┌──
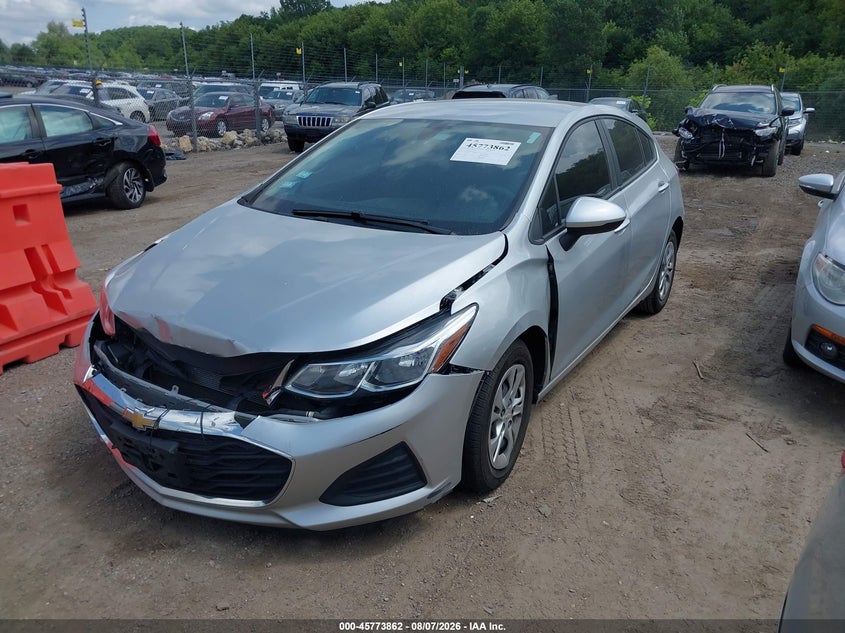 Vin: 3g1bc6sm0ks535112, lot: 46272642, chevrolet cruze ls 20192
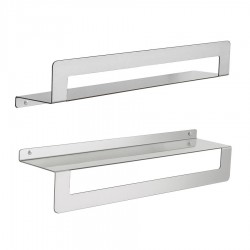 Gedy - CLEO polica s držiakem uterákov 500, nerez mat (2019385)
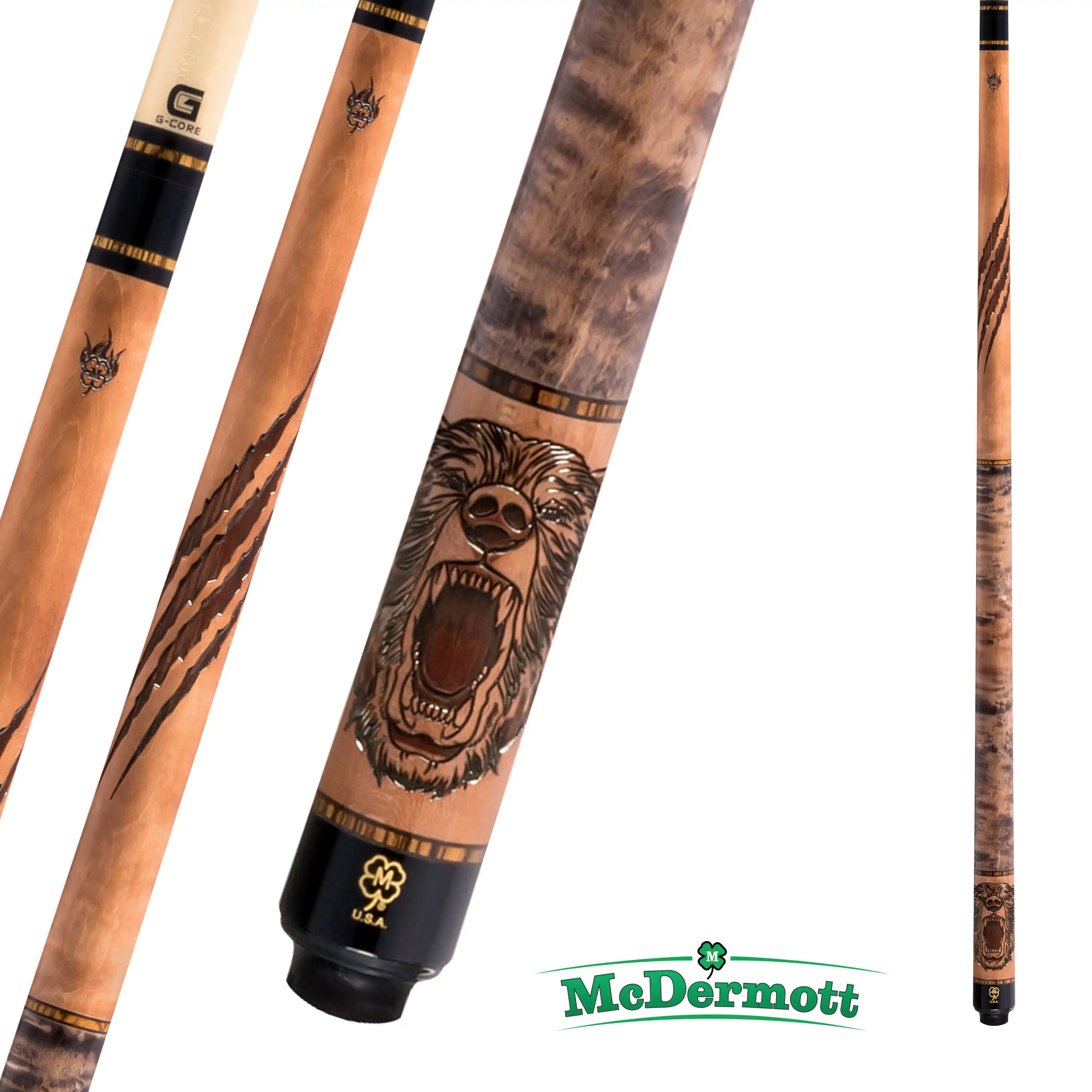 MCDERMOTT POOL CUE G-SERIES G339 GRIZZLY BEAR 12.5MM 19OZ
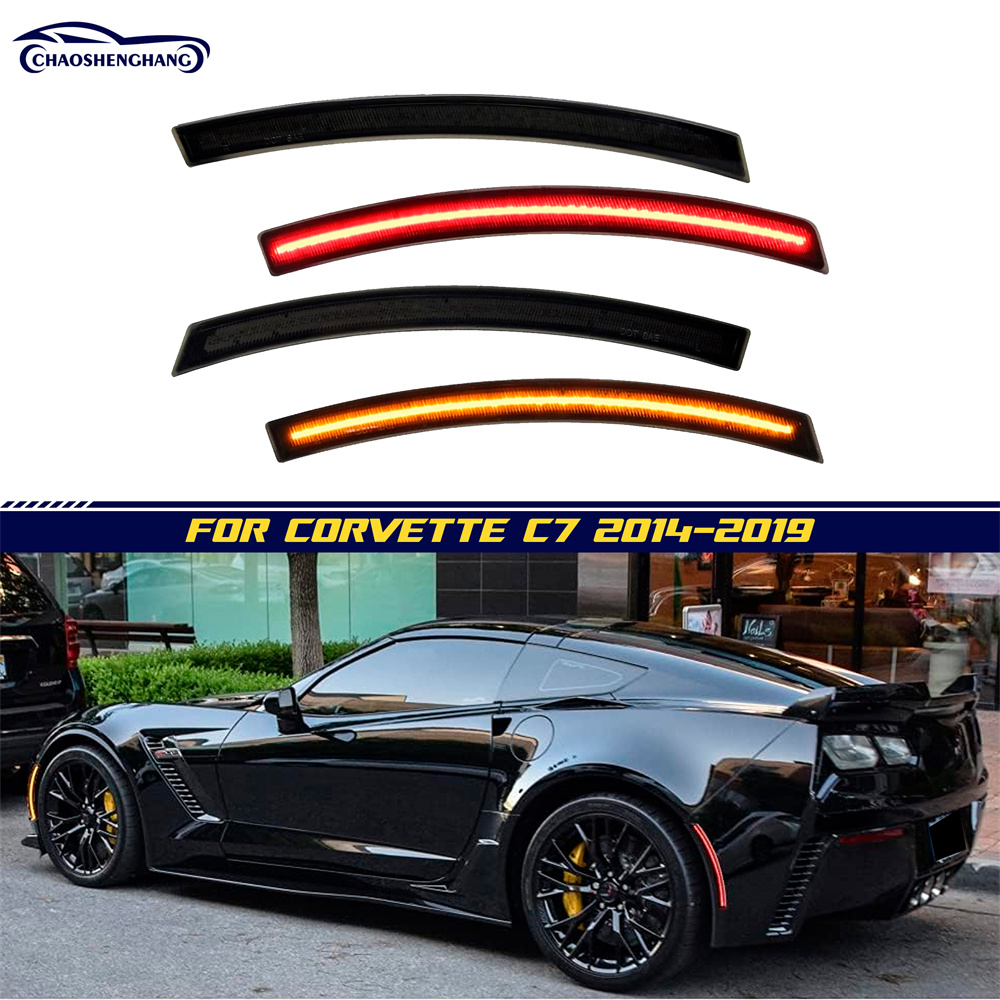 Front & Rear LED Side Marker Lights For 14-19 Chevy Corvette C7 Front & Rear LED Side Marker Lights For 14-19 Chevy Corvette C7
└──
No pictures belong in the copy. Retype exactly, and only, the lines from the line containing "MCDERMOTT POOL CUE" through the last line of the data, both included.

* [Answer to this task]:
 MCDERMOTT POOL CUE G-SERIES G339 GRIZZLY BEAR 12.5MM 19OZ
 Front & Rear LED Side Marker Lights For 14-19 Chevy Corvette C7 Front & Rear LED Side Marker Lights For 14-19 Chevy Corvette C7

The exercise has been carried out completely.